-- Work item --
Exact copy, no pictures: return only the lines below from the line with "Shockforce NITE EYE" up to and including the line with "Women's Handbag black/yellow".

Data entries

Segment Open

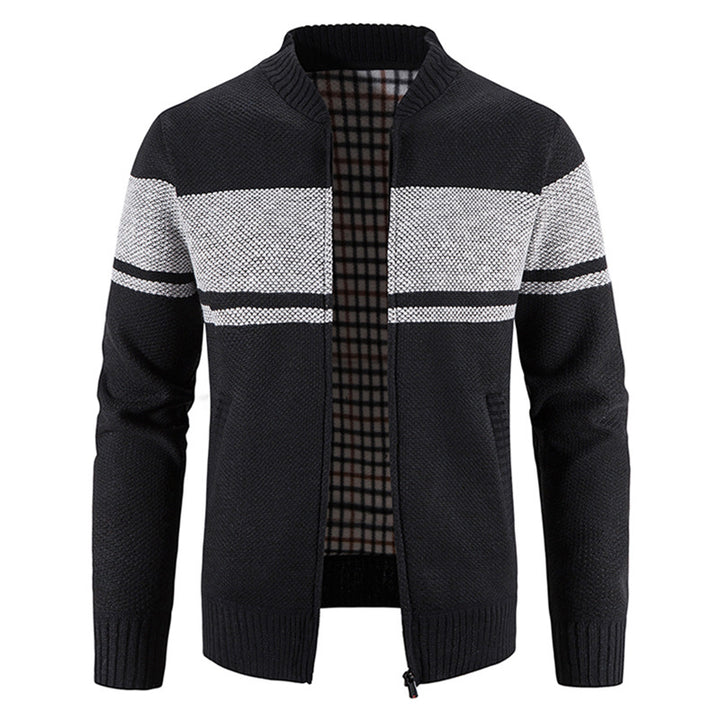 Men's fashionable cardigan with textured design Lisslune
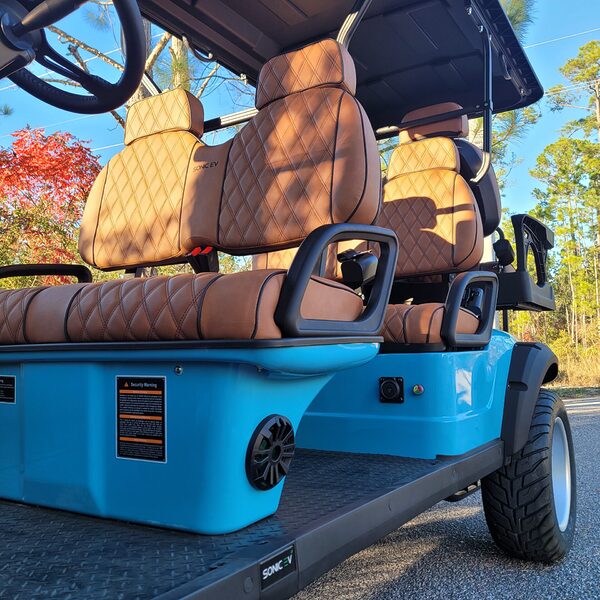 Blue 2025 Series Carts 4+2 Lithium LSV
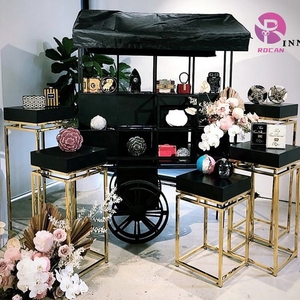 Pink Candy Cart Dessert <strong>Trolley</strong> Dessert Shelf Customized LOGO <strong>Sweet</strong> Cart Food and Beverage Carrie - Product Image 5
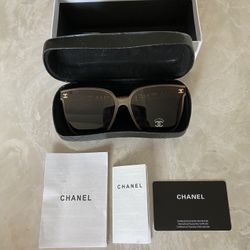 CHANEL  Tan Cat Eye Sunglasses 
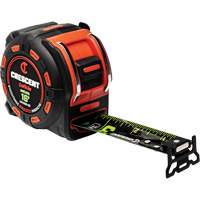 Shockforce NITE EYE Magnetic Tape Measure, 1-1/4" x 16', SAE Graduations Pathway Supply LP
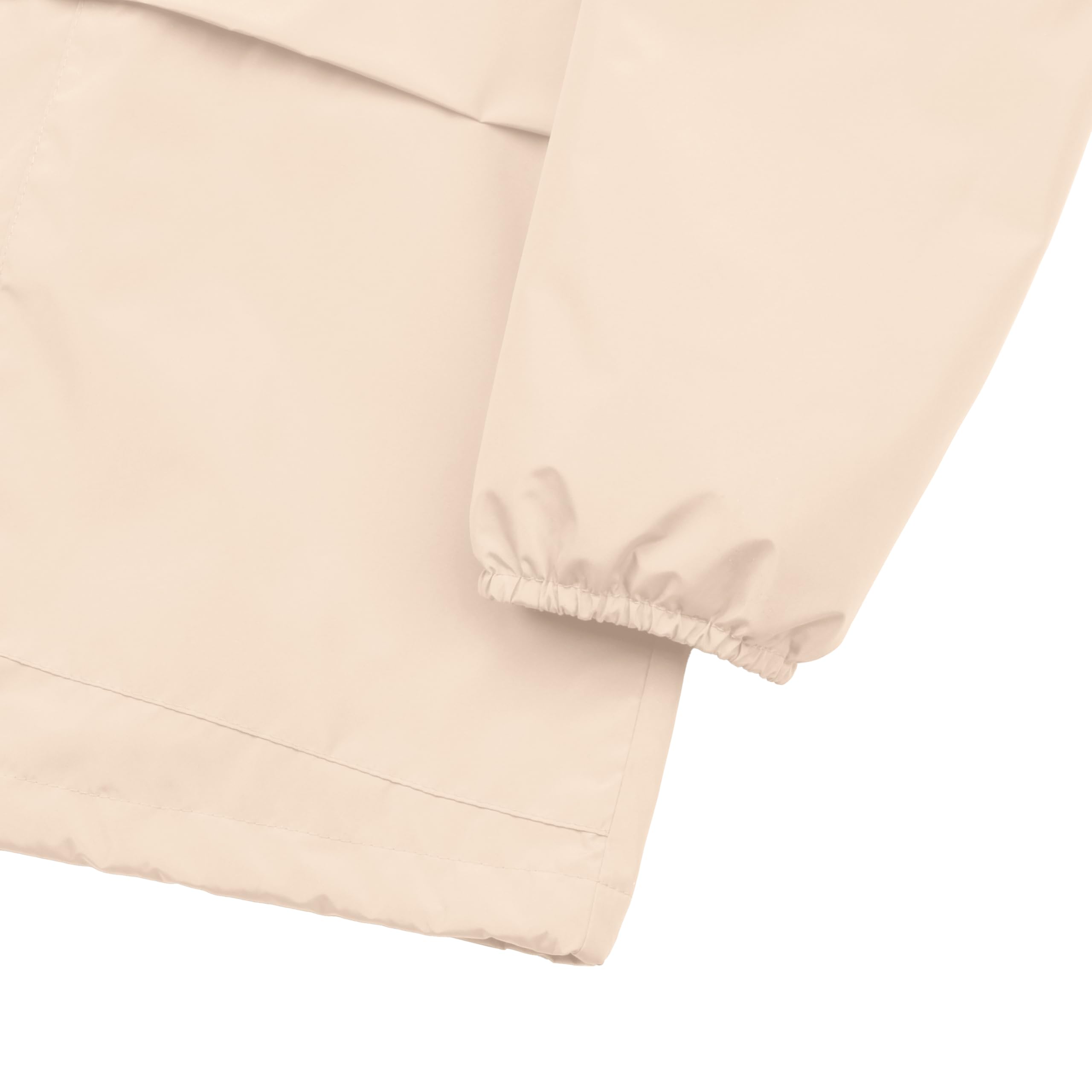 PESION women's rain jacket drawstring-hem highlights adjustable silhouette to seal out weather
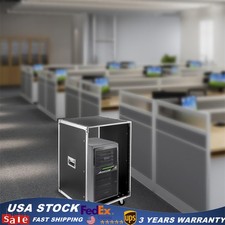 16U Server Rack Open Frame Rolling Network Data Rack 19 inch With Casters 4 Post picture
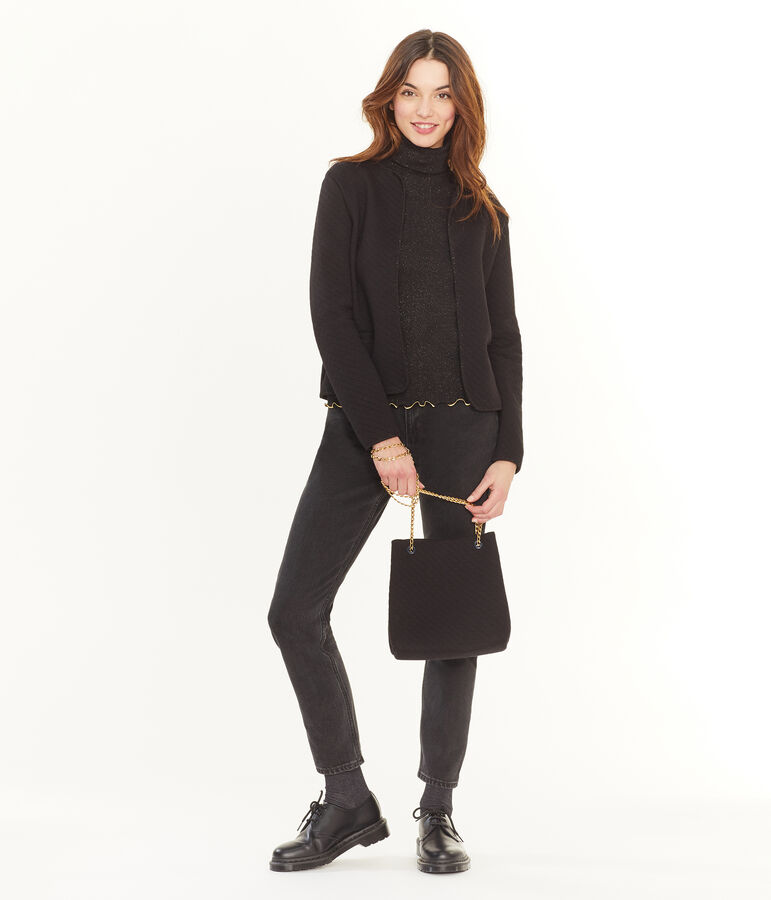 Women's Handbag black/yellow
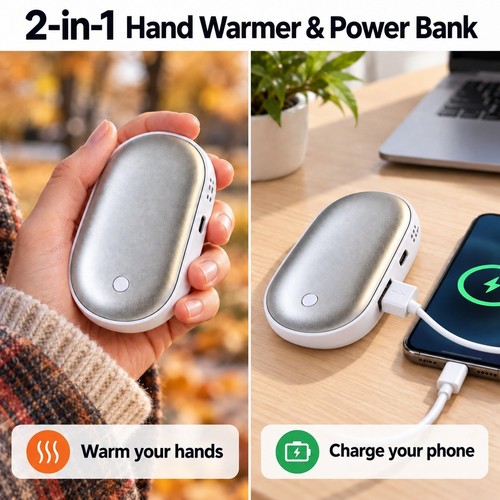 Rechargeable hand - 2-in-1,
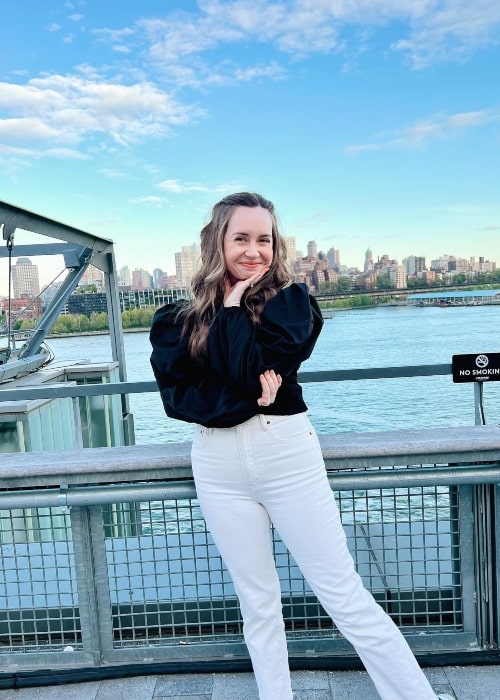 Melinda Griswold as seen in a picture that was taken at Pier 17, New York City in May 2022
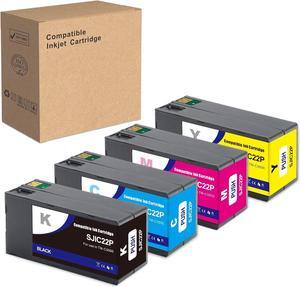 SJIC22P Pigment Ink Cartridge Compatible with ColorWorks TM-C3500 TM-C3510 TM-C3520 Printer (C33S020577, C33S020581, C33S020582, C33S020583)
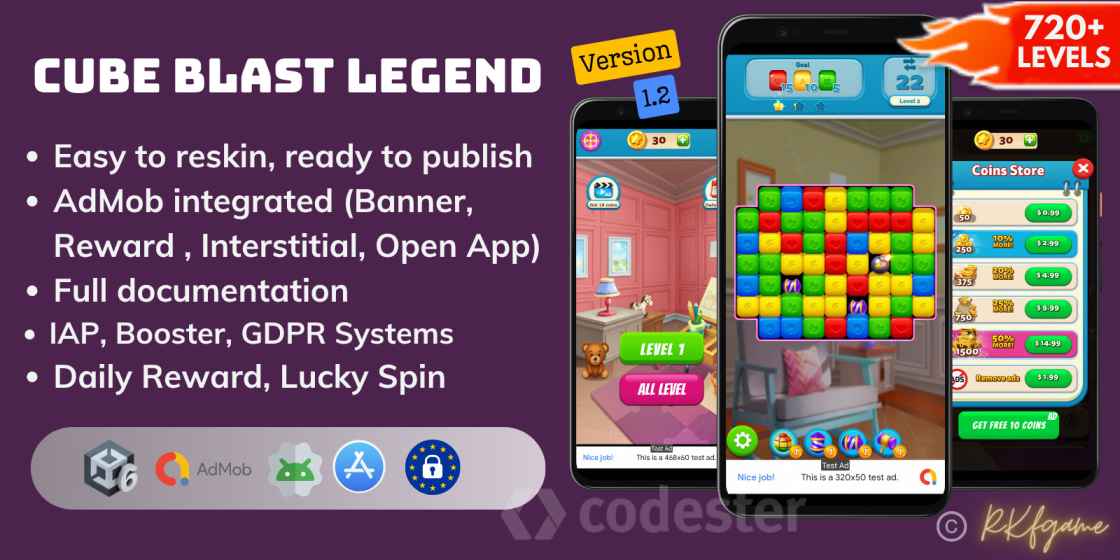 Toy Cube Blast Legend Unity Source Code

Segment Closed

-- Output for this exercise --
 Shockforce NITE EYE Magnetic Tape Measure, 1-1/4" x 16', SAE Graduations Pathway Supply LP
 PESION women's rain jacket drawstring-hem highlights adjustable silhouette to seal out weather
 16U Server Rack Open Frame Rolling Network Data Rack 19 inch With Casters 4 Post picture
 Women's Handbag black/yellow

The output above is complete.